◆ DATA RECORDS:

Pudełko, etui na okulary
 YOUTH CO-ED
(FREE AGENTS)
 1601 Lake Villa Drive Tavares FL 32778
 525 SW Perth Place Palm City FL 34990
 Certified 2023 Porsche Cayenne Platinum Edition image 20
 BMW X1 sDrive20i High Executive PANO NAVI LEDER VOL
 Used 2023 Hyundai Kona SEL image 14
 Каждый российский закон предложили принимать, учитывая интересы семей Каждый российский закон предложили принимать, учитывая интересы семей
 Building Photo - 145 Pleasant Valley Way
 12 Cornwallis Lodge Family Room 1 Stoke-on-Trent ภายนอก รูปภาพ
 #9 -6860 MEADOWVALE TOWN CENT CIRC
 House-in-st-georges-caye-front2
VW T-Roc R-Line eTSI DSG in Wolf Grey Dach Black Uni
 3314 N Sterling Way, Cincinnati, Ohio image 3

◆ ABOUT THIS EXERCISE: Please copy each line of the entries in which the word "image" shows up.

◆ OUTPUT:
 Certified 2023 Porsche Cayenne Platinum Edition image 20
 Used 2023 Hyundai Kona SEL image 14
 3314 N Sterling Way, Cincinnati, Ohio image 3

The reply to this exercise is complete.